My Bubble Life

Reprinted from “Letters to My Children 9/8/17

On August 2 the temperature in Medford was 109. My husband and older daughter and I escaped the heat to enjoy a friends’ beach house a few hours from home. it was paradise – walking he beach in the ocean breeze, drinking fruity cocktails on the deck while watching the sun set the ocean, sleeping with the sound of waves…

I had a few weird feelings coming back from I’m outing to Paul Bunyan, but thought it was from riding in the car. My right foot felt heavy when I went downstairs to the bathroom in the night, but I went right back to sleep. Then I woke up at 6 o’clock and my right side wouldn’t move as normal.

I joked with my daughter and my husband while we waited for the ambulance. Crossing my arms over my chest, I quipped, “I’m ready for my casket.”

Everyone was kind – the nurse who took care of me as I lay on the gurney and the doctors who visited with me intermittently throughout their shifts. Still, I lay in the emergency room for 10 hours while they decided my immediate fate. A teleconference with the doctor at UC Davis ruled out the miracle shot for strokes. I had a couple of CT scans and an MRI.

I could shakily sign my initials when required. My family, including two sisters and a brother-in-law who had been on their way to join us, were frightened and uncertain.  But I was in a protective bubble.

That bubble surrounded me as I left the hospital in an another ambulance bound for the airport.

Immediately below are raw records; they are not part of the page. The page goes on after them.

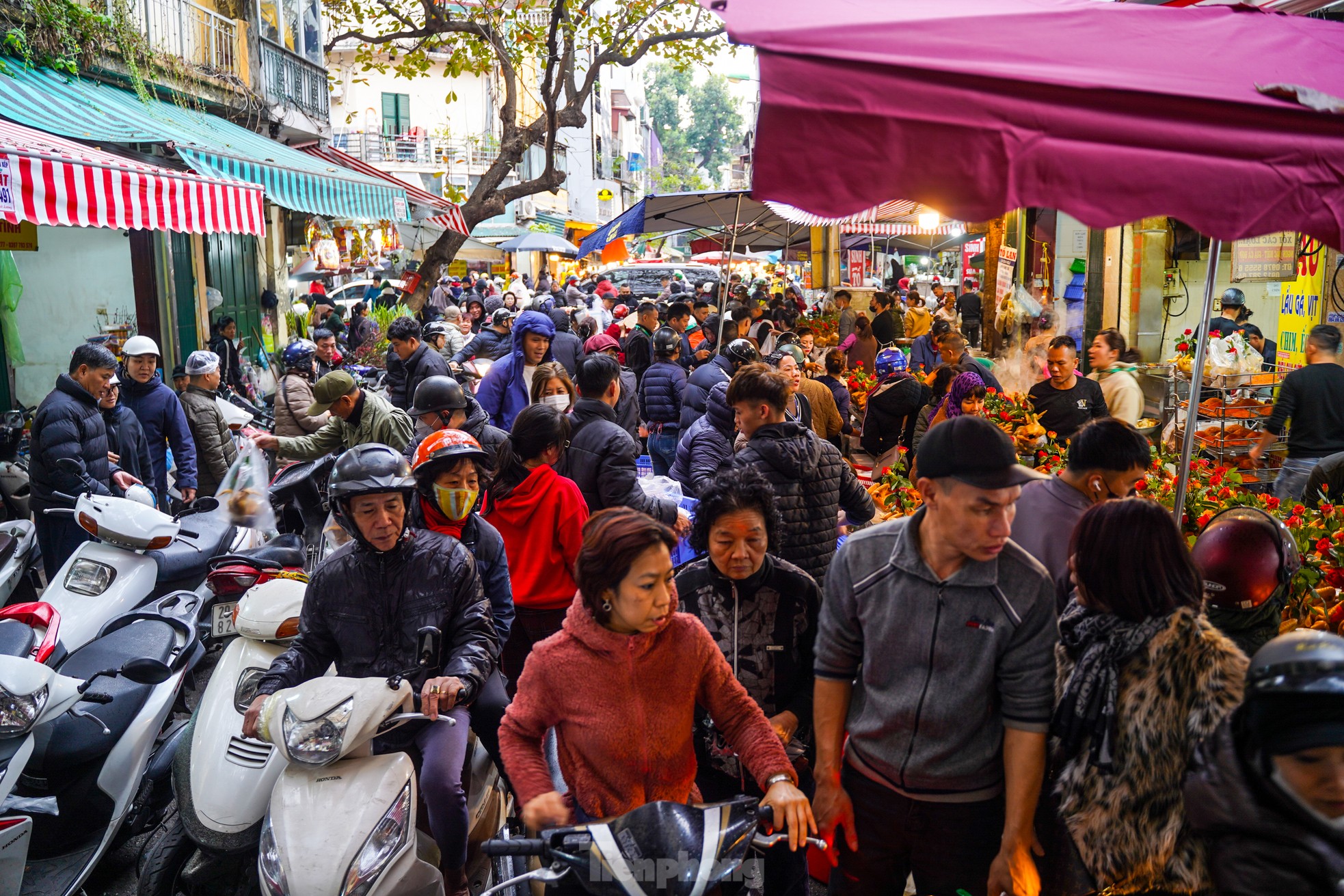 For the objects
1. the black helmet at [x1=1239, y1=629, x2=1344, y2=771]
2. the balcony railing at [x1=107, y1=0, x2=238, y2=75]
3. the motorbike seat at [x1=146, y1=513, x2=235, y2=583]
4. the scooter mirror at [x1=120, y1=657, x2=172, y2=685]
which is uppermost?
the balcony railing at [x1=107, y1=0, x2=238, y2=75]

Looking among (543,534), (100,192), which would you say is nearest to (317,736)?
(543,534)

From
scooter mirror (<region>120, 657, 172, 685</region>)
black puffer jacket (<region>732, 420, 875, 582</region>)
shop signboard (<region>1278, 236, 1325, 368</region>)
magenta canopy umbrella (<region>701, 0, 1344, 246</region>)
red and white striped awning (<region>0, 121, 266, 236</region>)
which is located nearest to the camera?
magenta canopy umbrella (<region>701, 0, 1344, 246</region>)

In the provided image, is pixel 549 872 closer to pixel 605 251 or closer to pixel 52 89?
pixel 52 89

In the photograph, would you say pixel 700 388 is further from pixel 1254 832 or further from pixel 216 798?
pixel 1254 832

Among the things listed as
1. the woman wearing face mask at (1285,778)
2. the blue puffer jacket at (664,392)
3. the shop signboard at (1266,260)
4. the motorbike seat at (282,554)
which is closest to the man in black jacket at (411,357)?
the blue puffer jacket at (664,392)

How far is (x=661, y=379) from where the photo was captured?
8.38 meters

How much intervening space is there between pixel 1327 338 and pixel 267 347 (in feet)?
49.9

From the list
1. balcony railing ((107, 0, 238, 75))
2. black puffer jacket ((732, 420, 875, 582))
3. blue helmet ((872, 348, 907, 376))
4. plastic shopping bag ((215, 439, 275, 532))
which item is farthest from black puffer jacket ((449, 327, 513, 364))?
black puffer jacket ((732, 420, 875, 582))

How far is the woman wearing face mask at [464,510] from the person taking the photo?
3.95 m

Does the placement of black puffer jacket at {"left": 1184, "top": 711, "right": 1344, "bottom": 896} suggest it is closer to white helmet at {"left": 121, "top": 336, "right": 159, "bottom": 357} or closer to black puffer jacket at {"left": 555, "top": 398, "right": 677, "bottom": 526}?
black puffer jacket at {"left": 555, "top": 398, "right": 677, "bottom": 526}

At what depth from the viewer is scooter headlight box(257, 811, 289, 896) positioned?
3.00m

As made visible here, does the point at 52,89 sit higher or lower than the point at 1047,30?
higher

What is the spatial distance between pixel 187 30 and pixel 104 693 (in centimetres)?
1237

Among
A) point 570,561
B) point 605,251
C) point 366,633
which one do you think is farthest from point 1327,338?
point 605,251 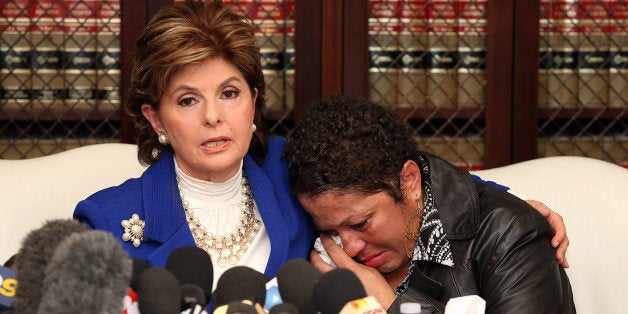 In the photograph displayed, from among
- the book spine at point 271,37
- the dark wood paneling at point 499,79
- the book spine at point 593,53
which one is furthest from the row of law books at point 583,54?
the book spine at point 271,37

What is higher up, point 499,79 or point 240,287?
point 240,287

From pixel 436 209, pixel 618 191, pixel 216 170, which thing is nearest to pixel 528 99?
pixel 618 191

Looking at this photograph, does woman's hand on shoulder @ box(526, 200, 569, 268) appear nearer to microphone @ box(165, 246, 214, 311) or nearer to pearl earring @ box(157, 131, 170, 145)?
pearl earring @ box(157, 131, 170, 145)

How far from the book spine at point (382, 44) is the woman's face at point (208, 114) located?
1.04 metres

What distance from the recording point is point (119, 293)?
2.81ft

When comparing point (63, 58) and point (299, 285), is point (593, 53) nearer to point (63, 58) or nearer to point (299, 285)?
point (63, 58)

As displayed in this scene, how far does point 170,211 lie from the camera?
1749mm

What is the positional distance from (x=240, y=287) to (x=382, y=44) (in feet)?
6.04

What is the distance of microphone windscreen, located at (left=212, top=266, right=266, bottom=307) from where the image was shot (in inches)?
39.6

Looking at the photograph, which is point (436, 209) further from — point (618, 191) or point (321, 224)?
point (618, 191)

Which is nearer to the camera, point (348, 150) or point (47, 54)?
point (348, 150)

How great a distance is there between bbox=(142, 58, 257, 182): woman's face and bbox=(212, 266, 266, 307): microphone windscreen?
705 millimetres

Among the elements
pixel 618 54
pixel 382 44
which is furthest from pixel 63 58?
pixel 618 54

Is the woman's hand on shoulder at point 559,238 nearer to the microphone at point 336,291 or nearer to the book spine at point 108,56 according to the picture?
the microphone at point 336,291
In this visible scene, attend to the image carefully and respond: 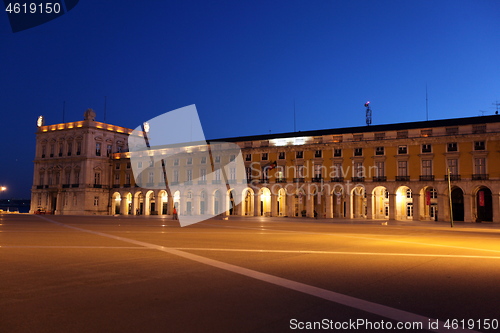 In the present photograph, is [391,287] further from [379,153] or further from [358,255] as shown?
[379,153]

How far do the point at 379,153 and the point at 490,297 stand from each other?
4325 centimetres

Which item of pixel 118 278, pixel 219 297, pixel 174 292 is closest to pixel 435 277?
pixel 219 297

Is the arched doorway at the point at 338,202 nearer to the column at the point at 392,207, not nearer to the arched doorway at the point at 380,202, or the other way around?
the arched doorway at the point at 380,202

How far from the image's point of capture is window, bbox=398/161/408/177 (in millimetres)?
46875

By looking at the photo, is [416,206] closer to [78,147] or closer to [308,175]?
[308,175]

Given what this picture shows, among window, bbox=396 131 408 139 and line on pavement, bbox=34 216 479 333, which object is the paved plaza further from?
window, bbox=396 131 408 139

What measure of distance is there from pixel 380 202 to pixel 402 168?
6.79 m

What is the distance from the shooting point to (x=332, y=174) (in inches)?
2029

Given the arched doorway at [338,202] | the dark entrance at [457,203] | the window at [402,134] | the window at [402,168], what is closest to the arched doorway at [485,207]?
the dark entrance at [457,203]

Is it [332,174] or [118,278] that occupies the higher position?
[332,174]

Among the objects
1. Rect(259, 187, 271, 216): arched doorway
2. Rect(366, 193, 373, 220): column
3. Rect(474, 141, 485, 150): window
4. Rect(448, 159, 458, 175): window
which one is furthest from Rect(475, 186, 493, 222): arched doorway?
Rect(259, 187, 271, 216): arched doorway

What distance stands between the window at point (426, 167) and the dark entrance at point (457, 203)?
6.47 m

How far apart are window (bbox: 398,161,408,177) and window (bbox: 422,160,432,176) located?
Answer: 185 centimetres

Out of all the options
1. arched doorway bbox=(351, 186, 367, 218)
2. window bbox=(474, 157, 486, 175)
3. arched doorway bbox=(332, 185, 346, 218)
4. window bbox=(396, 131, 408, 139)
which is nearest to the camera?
window bbox=(474, 157, 486, 175) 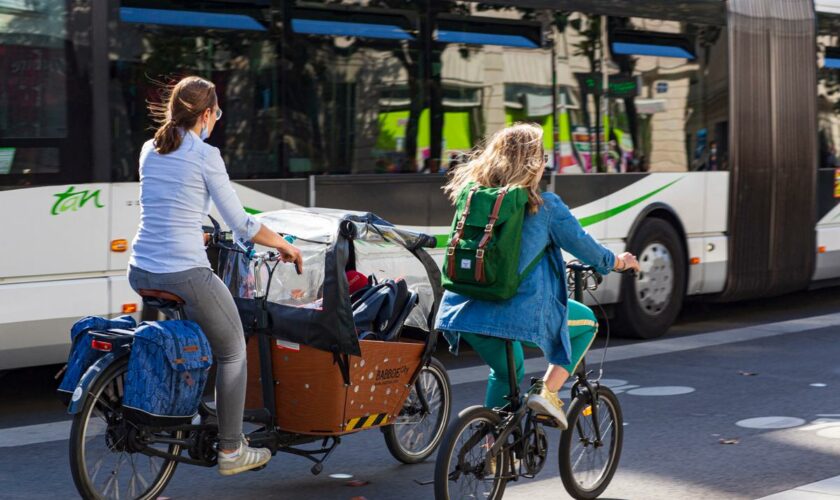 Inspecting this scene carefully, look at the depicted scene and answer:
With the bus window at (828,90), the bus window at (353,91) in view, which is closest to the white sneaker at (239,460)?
the bus window at (353,91)

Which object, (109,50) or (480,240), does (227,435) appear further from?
(109,50)

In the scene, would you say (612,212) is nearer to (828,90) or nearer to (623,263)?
(828,90)

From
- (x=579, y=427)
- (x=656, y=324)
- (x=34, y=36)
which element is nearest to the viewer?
(x=579, y=427)

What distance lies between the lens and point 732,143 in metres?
12.1

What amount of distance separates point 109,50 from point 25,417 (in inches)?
90.9

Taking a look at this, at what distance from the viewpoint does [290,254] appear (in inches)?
209

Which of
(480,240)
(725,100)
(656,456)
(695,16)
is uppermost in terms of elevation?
(695,16)

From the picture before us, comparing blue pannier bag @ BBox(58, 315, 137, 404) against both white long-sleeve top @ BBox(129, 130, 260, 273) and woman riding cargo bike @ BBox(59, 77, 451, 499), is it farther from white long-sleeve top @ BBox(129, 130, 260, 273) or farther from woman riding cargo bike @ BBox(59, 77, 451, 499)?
white long-sleeve top @ BBox(129, 130, 260, 273)

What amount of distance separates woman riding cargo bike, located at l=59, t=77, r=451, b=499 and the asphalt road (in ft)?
1.39

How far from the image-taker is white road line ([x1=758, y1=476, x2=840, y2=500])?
582cm

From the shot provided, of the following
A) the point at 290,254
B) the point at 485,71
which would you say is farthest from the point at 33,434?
the point at 485,71

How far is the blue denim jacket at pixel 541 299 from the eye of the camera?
5.19 metres

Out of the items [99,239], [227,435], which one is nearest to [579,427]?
[227,435]

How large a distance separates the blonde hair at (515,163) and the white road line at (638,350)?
3219mm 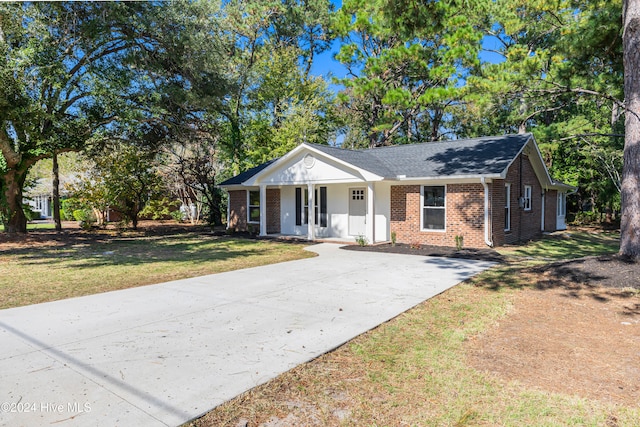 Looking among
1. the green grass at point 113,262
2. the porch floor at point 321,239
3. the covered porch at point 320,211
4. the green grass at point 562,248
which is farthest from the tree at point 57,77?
the green grass at point 562,248

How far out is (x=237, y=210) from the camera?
68.2 feet

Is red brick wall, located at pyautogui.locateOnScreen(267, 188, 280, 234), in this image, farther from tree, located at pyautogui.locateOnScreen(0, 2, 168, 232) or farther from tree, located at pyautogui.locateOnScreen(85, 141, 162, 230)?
tree, located at pyautogui.locateOnScreen(0, 2, 168, 232)

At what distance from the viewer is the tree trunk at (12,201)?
15.6m

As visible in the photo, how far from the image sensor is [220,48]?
620 inches

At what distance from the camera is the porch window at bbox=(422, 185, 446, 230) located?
1404 centimetres

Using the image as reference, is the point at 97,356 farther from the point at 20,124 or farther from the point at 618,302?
the point at 20,124

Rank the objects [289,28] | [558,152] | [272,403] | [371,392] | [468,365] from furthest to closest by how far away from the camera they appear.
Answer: [289,28]
[558,152]
[468,365]
[371,392]
[272,403]

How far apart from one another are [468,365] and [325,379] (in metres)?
1.52

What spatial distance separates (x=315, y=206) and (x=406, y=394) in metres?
14.3

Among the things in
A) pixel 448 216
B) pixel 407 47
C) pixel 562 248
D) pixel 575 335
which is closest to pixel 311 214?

It protected me on the medical flight to my hometown where I was taken by ambulance to the hospital which had accepted me. I was the new commodity, A stroke victim. I did not do things myself. Everything was done to me.

The next morning I understood that it wasn’t over – my right side was completely flaccid. I began to realize the truth of my life being different.

For now though, I was protected.  I was fed, taken to the bathroom, kept warm, discussed in my presence. My limbs were bent, placed where they were wanted, massaged, examined, and frowned over. My daughters (in turns) slept in my hospital room and were at my side whatever happened. Voices were hushed in my room. There were doctors, nurses, therapists, and chaplains. All visits were short followed by nods of the head or quiet conversations near the door or in the hallway. My husband looked tired and drawn.

After I was moved into inpatient rehab the protection continued. I received different therapies, each three times a day. There was occupational therapy, speech therapy, and physical therapy. I  was fitted with braces to shore up my weakened limbs. Each day was a pattern – rest work eat and sleep.

My view of life outside.

I had a corner room with view. My meals were delivered. My life was still a bubble.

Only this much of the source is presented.